Jenny Coad
Calendar clash
Have we forgotten how to be spontaneous?
On a Friday evening in May 2018 I am going to see the Broadway show Hamilton. We had to book the tickets two weeks ago. Fair enough, you might say — some theatre tickets sell out long before rehearsals have begun. Nonetheless, it seems a madly long way off and what if I forget about it between now and then?
This week I’ve tried to pencil in the cinema with a group of friends — no one was free until April — and Saturday supper with a couple: they couldn’t do until July.
Jenny Coad discusses spontaneity with Isabel Hardman:
This is far from unusual. My diary tends to be filled weeks in advance and there is little room for unexpected pleasures without a shamefaced untangling of best-laid plans. Most of us are masters at unpicking things that sounded like a nice idea at the time. The builder is in. The children are poorly. I’m stuck at work.
All of which makes me wonder if we are over-organising our lives for no good reason at all. Being busy for the sake of it. Whatever happened to spontaneity? Even free time has become a thing we cling to, written in bold, desperate caps: KEEP FREE.
When was the last time a friend phoned at teatime and changed the course of your evening? Well, that would have been so nice, but you spent days filling in an online doodle calendar some weeks ago and you’re committed that night, so sorry.
‘Fancy a drink after work?’ ‘Love to, but are you around three weeks on Friday?’
It is rare to leave weekends entirely clear simply to take advantage of whatever might come your way. And if you do, it might be because you want to do nothing at all.
We should give our diaries and ourselves a break. Of course plans have to be made, dates marked, babysitters booked and diaries co-ordinated. My sister and boyfriend are both junior doctors, working to constantly changing rotas with weird hours and weekend shifts. If we didn’t carve space out in advance, I might not see them at all.
Quietly-made plans are drip-fed to my boyfriend, who has a fear of overfilled weekends. I tell him if we don’t pin down anything we won’t be able to eat in that restaurant, see a talked-about exhibition before it ends, watch the latest film in our local cinema or catch up with equally busy friends.
It’s exhausting. And it seems to be a distinctly British affliction.
A friend who moved to Santiago in Chile last year doesn’t know what she is doing from one week to the next. Her South American friends laugh if she tries to corral them into a social commitment. ‘If I organise something a week ahead of time or even a few days ahead, people think I’m crazy. They don’t seem to have their lives planned out the way we do at home. “What if you agree to go for dinner and then, on that day, you don’t fancy it?” they ask.’ Well, quite. But the cult of cancelling is another topic entirely.

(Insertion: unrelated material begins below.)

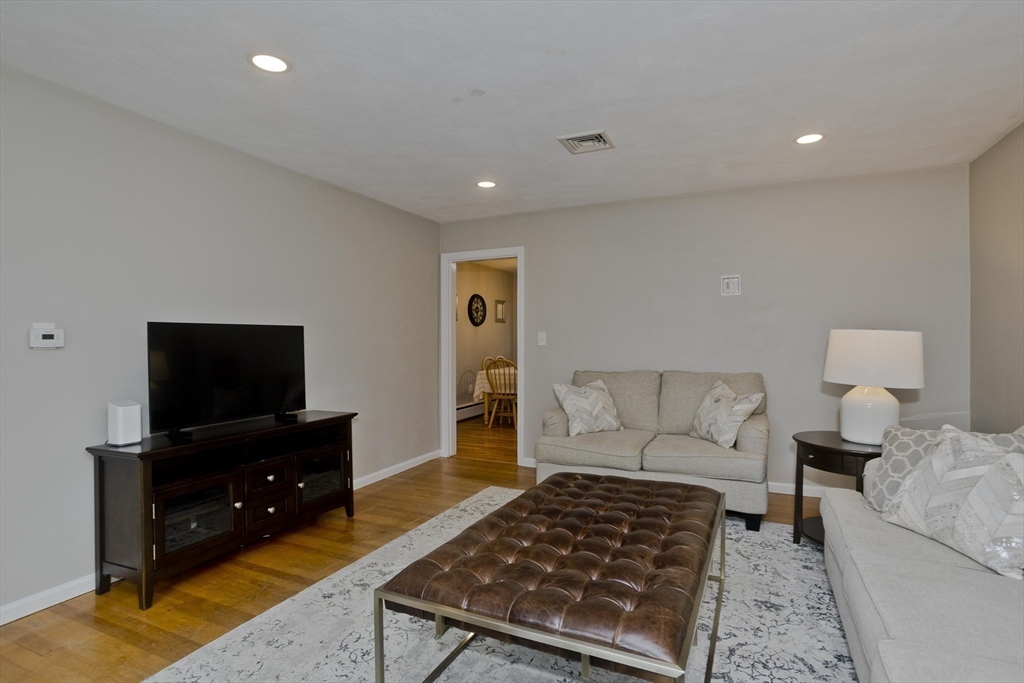 213 Spring Grove Avenue Northampton, MA 01062 - Photo 17 of 41 a living room with furniture and a flat screen tv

Is she short of things to do, people to see, places to go? Not at all — she’s having the time of her life. And I don’t think that’s just down to sunshine and pisco sours. It’s the sense of liberation and opportunity.

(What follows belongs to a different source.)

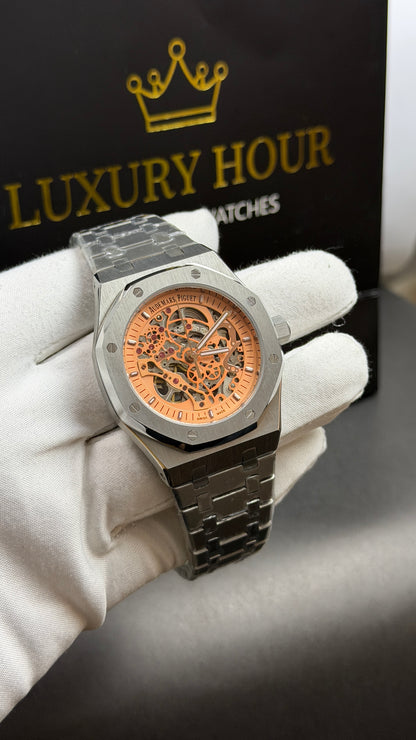 Silver with Orange Skeleton Dial.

An Italian colleague who moved to London from Sicily told me in amazement that she has to book playdates for her children weeks in advance. ‘I didn’t understand it at first,’ she shrugged.
We don’t always regret our well-made plans. But I can’t help feeling that in living like this we are missing out. As Mr Knightley exclaims to Emma, who is disappointed not to be able to count on his presence at the spring ball: ‘Why not seize the pleasure at once? How often is happiness destroyed by preparation, foolish preparation!’

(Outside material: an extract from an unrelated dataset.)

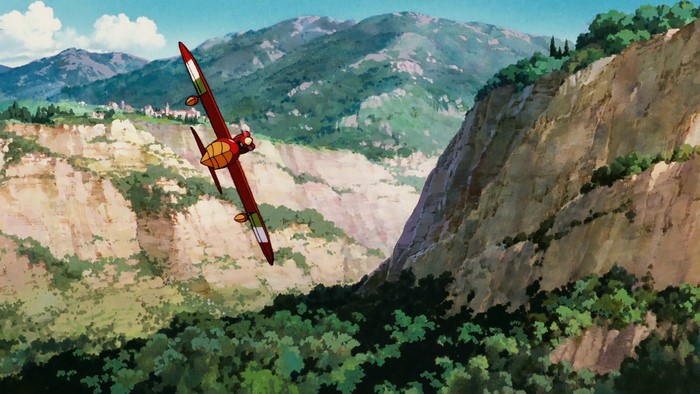 Porco Rosso flying over a mountainous landscape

Spontaneity is exciting. Vanessa Bell drew her friends Molly MacCarthy and Marjorie Strachey at what they referred to as ‘spontaneous play’. The resulting photographs are on display at the Vanessa Bell retrospective in Dulwich Picture Gallery. Being models, they look graceful and, being naked, very unconstrained.
That sort of spontaneity is not for every-one, of course. The Bloomsbury set were nonconformist spirits leading what most of us would consider wild lives. But maybe we could take a cue from their approach and relax our feverish timetables a touch. So ditch the list of engagements, plan to plan less, and let’s do something in August.